++++ Records supplied ++++

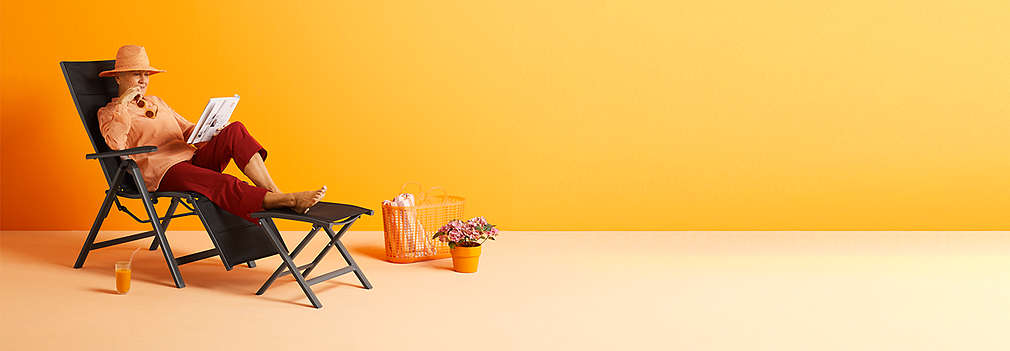 A woman lies on a sun lounger and reads something. Next to it is some decoration. The scenery is placed on an orange background.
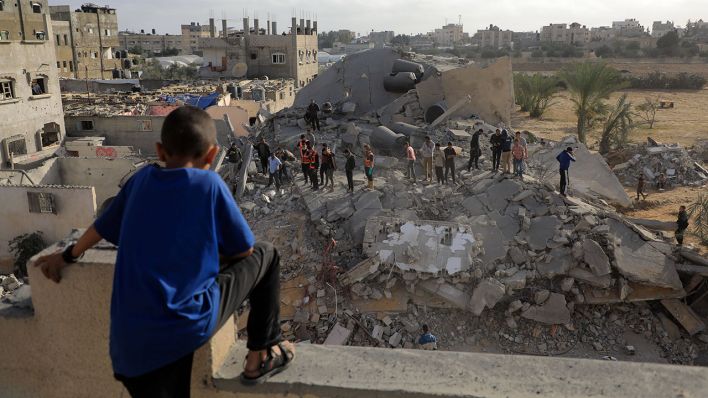 Menschen stehen am 22.04.2024 auf Trümmerteilen zerstörter gebäude in Rafah © imago images/Xinhua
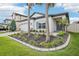 Inviting one-story home with well-maintained landscaping, including palm trees and a paver driveway at 10111 Tuscan Sun Ave, Riverview, FL 33578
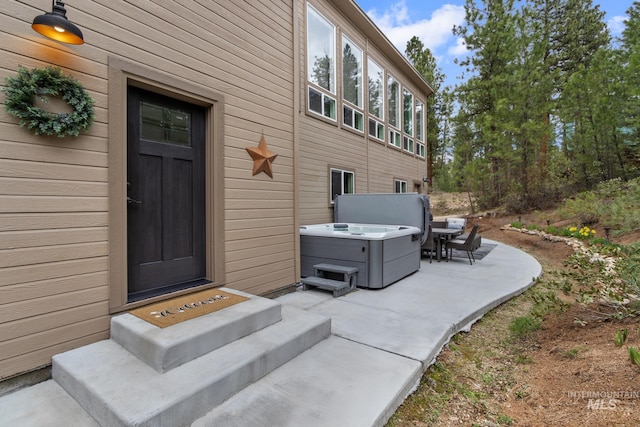 16 Grouse Rd, Idaho City, ID 83631 - property entrance with a hot tub and a patio area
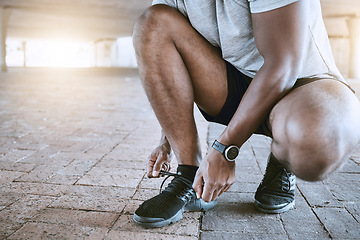 Image showing Shoes, running and sports with a man in training, workout and exercise for health, wellness and fitness in the city. Motivation with a runner tying his laces before a performance run for cardio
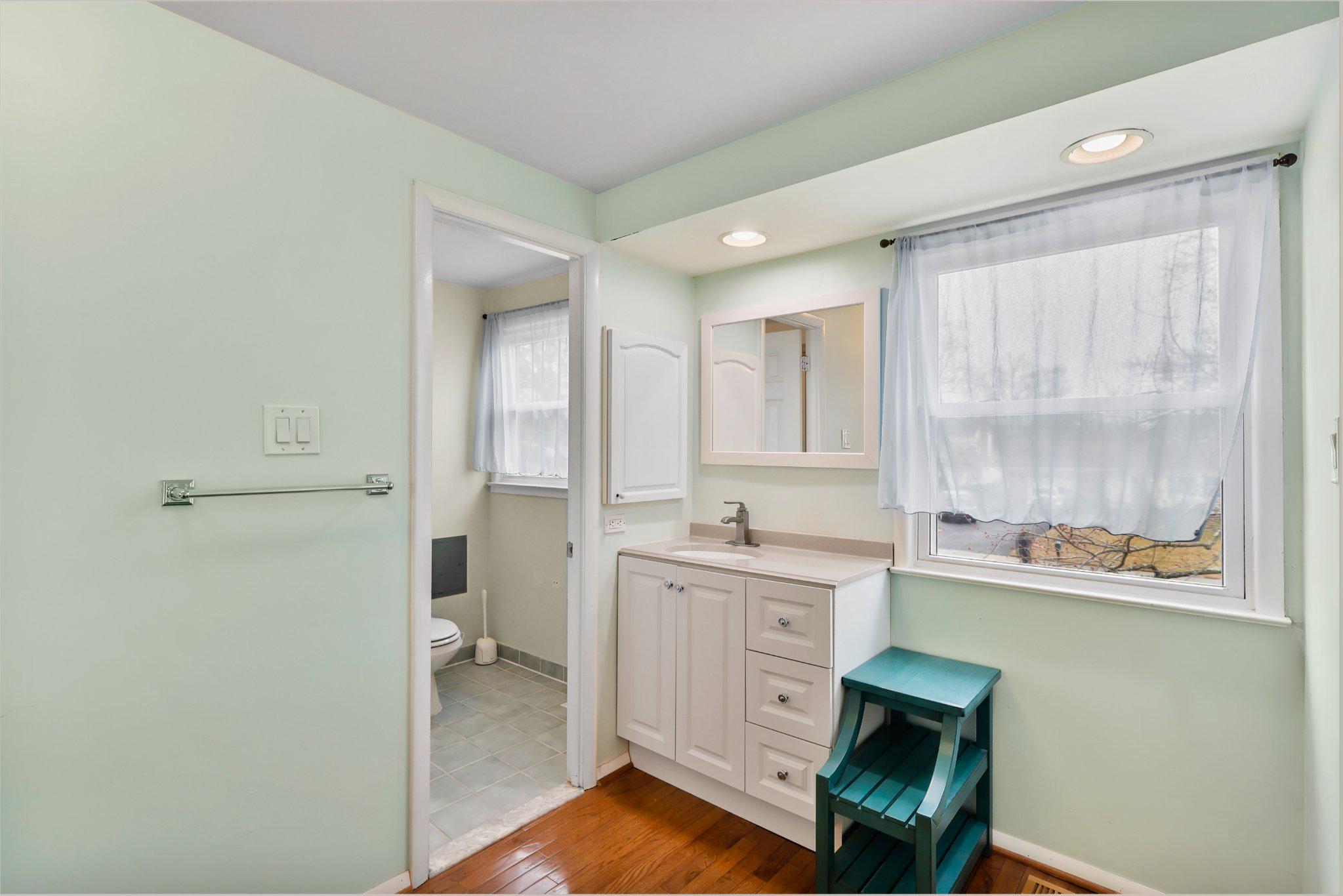 4228 Pageant Lane Fairfax, VA 22033 - Photo 22 of 33 a kitchen with a sink cabinets and wooden floor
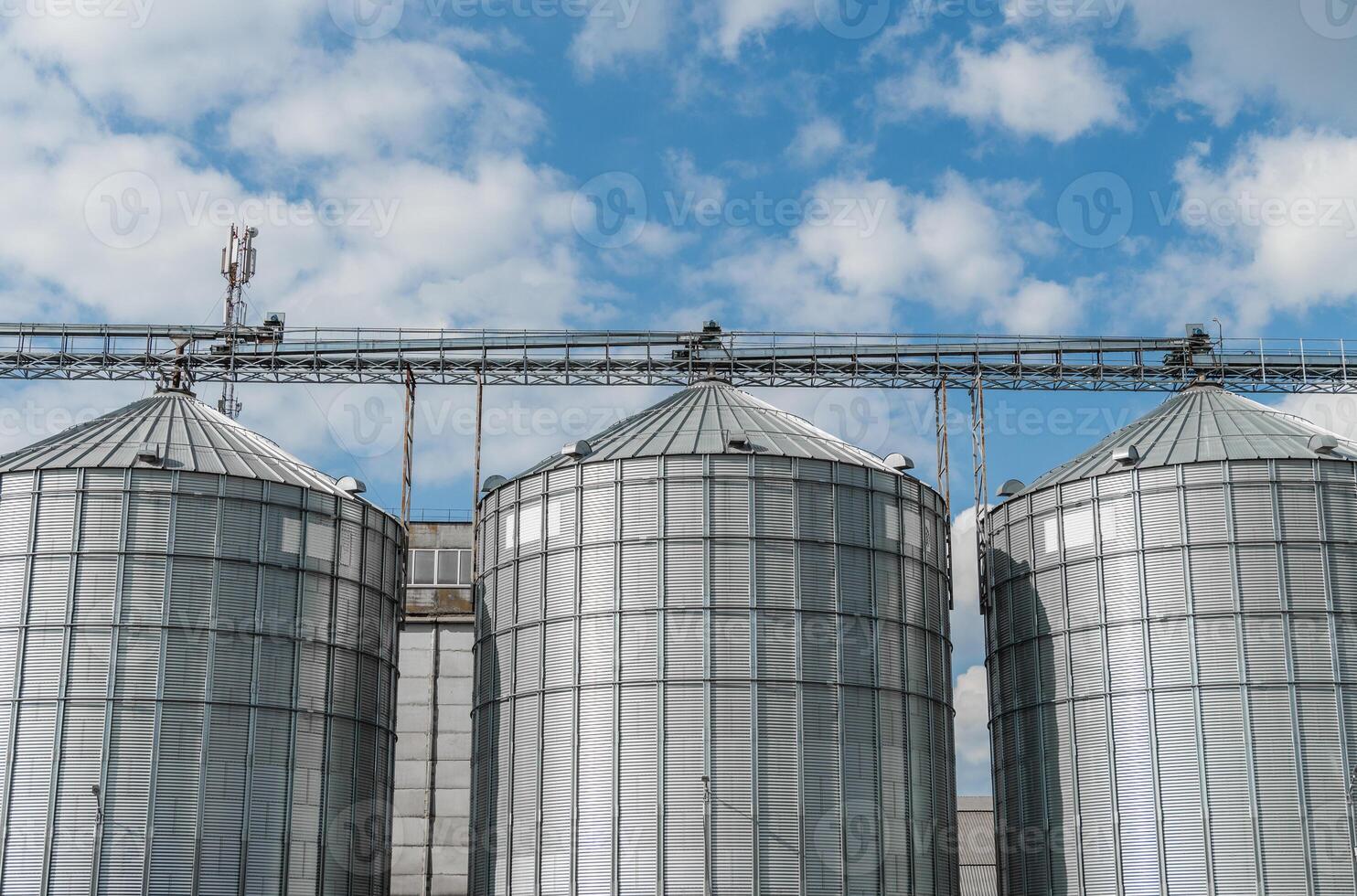 Tall metal silos are positioned against a backdrop of fluffy clouds, showcasing a modern agricultural setting that highlights food storage and production photo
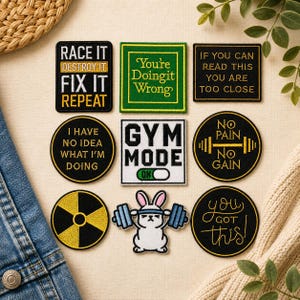 May include: A collection of nine embroidered patches featuring various designs and text, including phrases like Race It Destroy It Fix It Repeat, You're Doing It Wrong, If You Can Read This You Are Too Close, Gym Mode On, and a rabbit lifting a barbell.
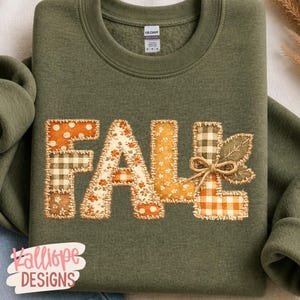 May include: An olive green crewneck sweatshirt featuring the word FALL in large, patchwork-style letters. The letters are composed of various fabric patterns including orange polka dots, brown gingham, and floral prints, finished with a jute twine bow.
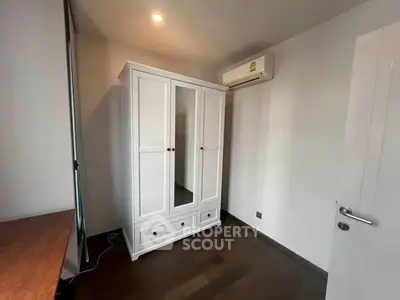 Modern bedroom with sleek wardrobe and air conditioning unit, perfect for comfortable living.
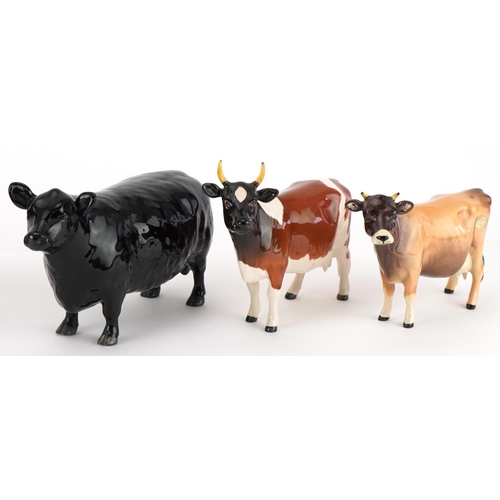 1055 - Five Beswick cows including champions, the largest 20cm in length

++++

**Exercise:** Return only the part above that opens with the line containing "Menschen stehen am" and closes with the line containing "16 Grouse Rd, Idaho", exactly and with both ends, skipping the pictures.

**Exercise result:**
 Menschen stehen am 22.04.2024 auf Trümmerteilen zerstörter gebäude in Rafah © imago images/Xinhua
 Inviting one-story home with well-maintained landscaping, including palm trees and a paver driveway at 10111 Tuscan Sun Ave, Riverview, FL 33578
 16 Grouse Rd, Idaho City, ID 83631 - property entrance with a hot tub and a patio area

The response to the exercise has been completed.